= Johanna Grund =

German journalist, writer and politician (1934–2017)

Johanna Christina Grund (17 July 1934 in Breslau – 13 July 2017) was a German journalist, writer and politician with Die Republikaner (REP). She was a member of the European Parliament between 1989 and 1994.

Grund was a leading member of the REP during the late 1980s and for a time served as deputy leader. However she became critical of the leadership of Franz Schönhuber as REP began to lose ground in elections in the late 1980s. As part of the power struggle Grund, along with Hans Dorn and Karl Richter, briefly gained control of the party journal Der Republikanische Anzeiger in 1990 before being forced out by Schönhuber and instead printing the dissident Deutsche Rundschau. Grund even served as interim leader of the party following Schönhuber's temporary resignation in 1990.

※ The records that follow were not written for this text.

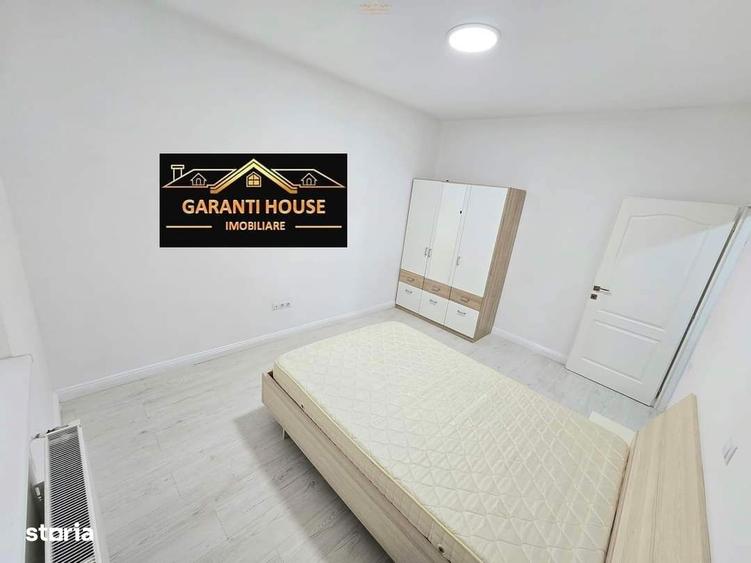 Apartament cu 3 camere în Nord
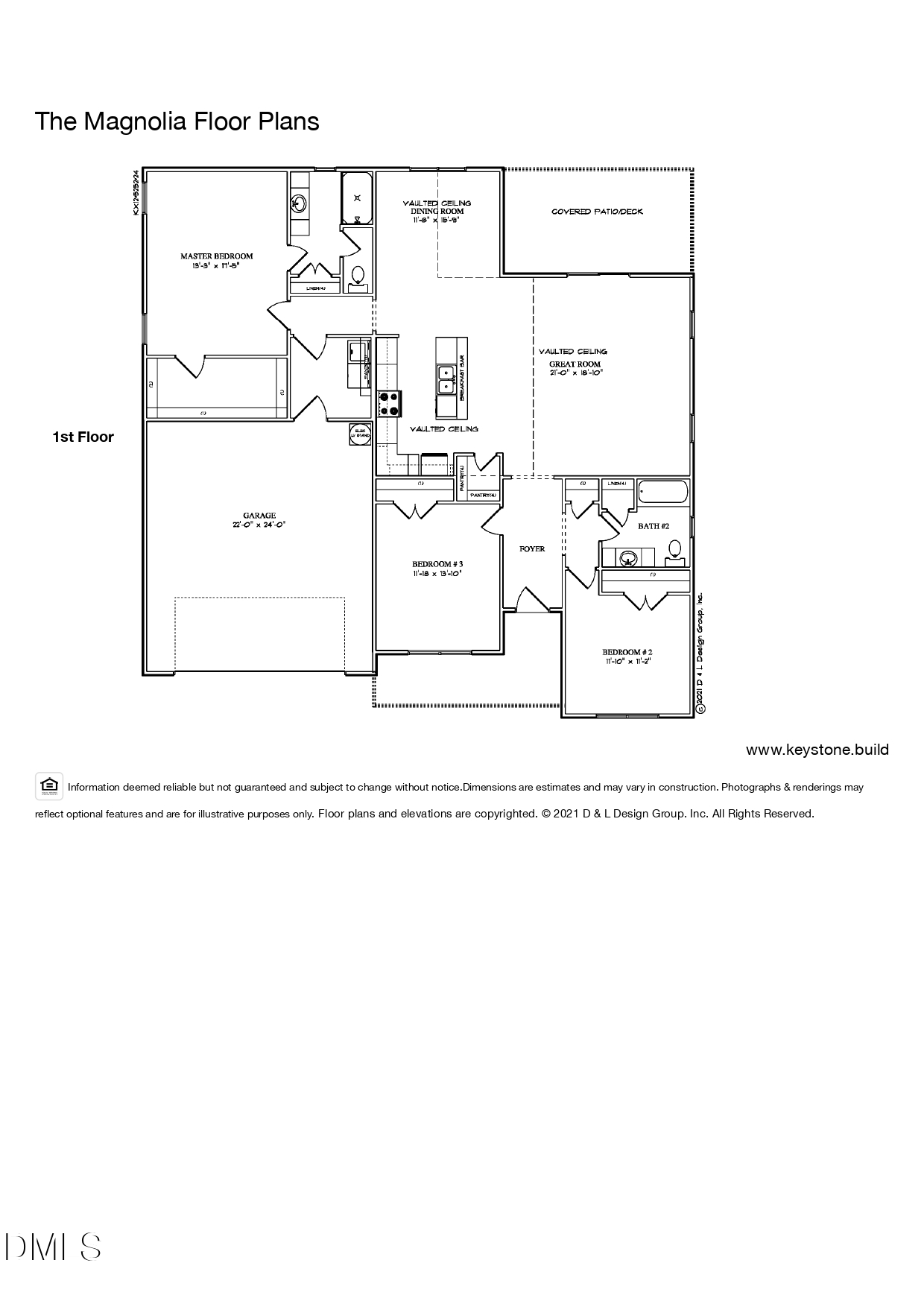1214 Petite Terre Court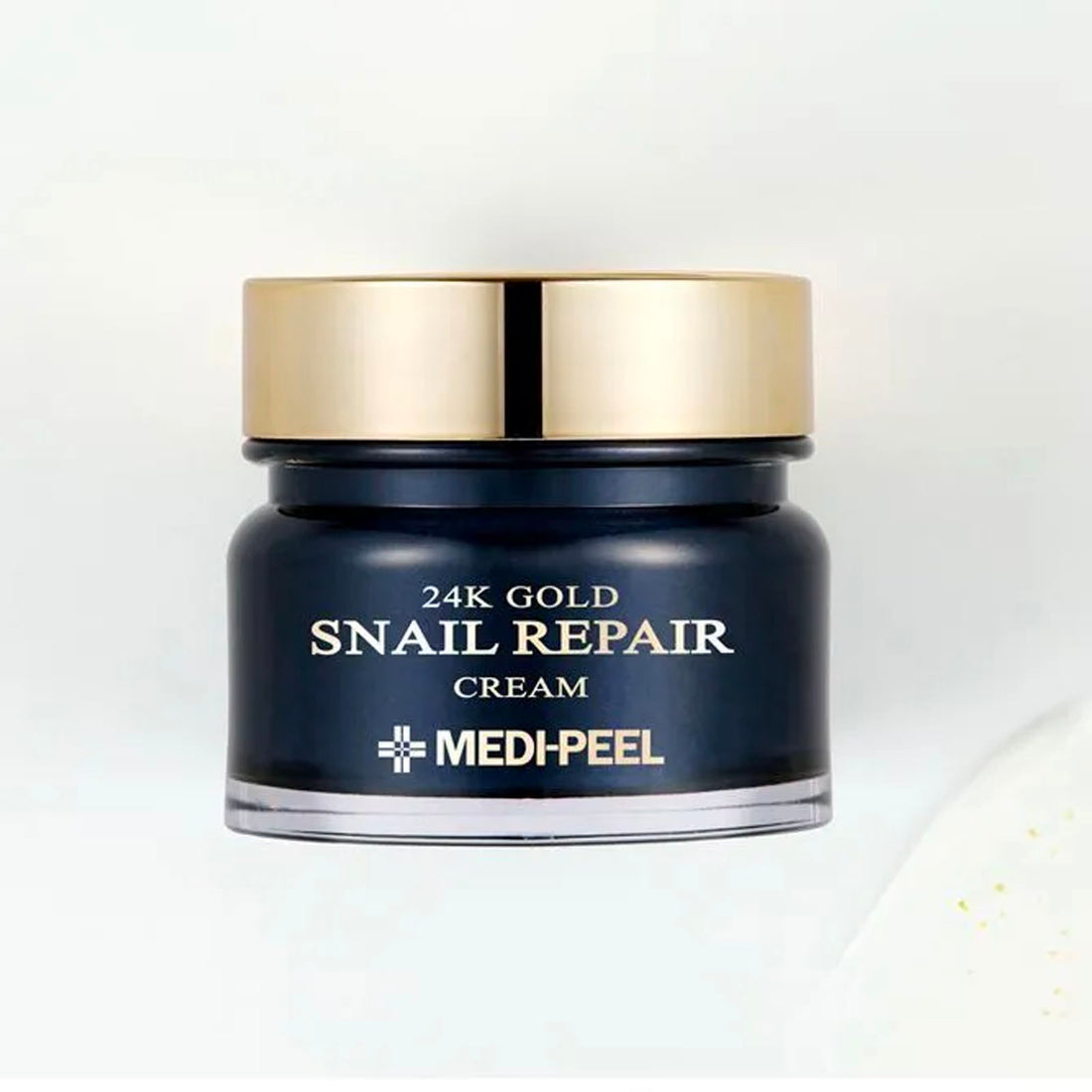 MEDI-PEEL - 24K Gold Snail Repair Cream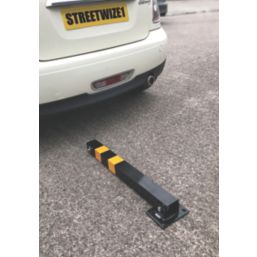 Streetwize Parking Post 0.7m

Her opposition to his leadership led to her expulsion from the party, along with fellow MEP Harald Neubauer, after Schönhuber successfully saw off a challenge to his leadership in the summer of 1990. Following the formation of the German League for People and Homeland (DVLH) by Neubauer in January 1991 Grund joined the group along with fellow MEPs Peter Köhler and Hans-Günther Schodruch, both of whom had resigned from REP in protest at Schönhuber's leadership. She continued to be involved in the production of Deutsche Rundschau, which became the party organ of DVLH until it was absorbed by Nation Europa in 1994.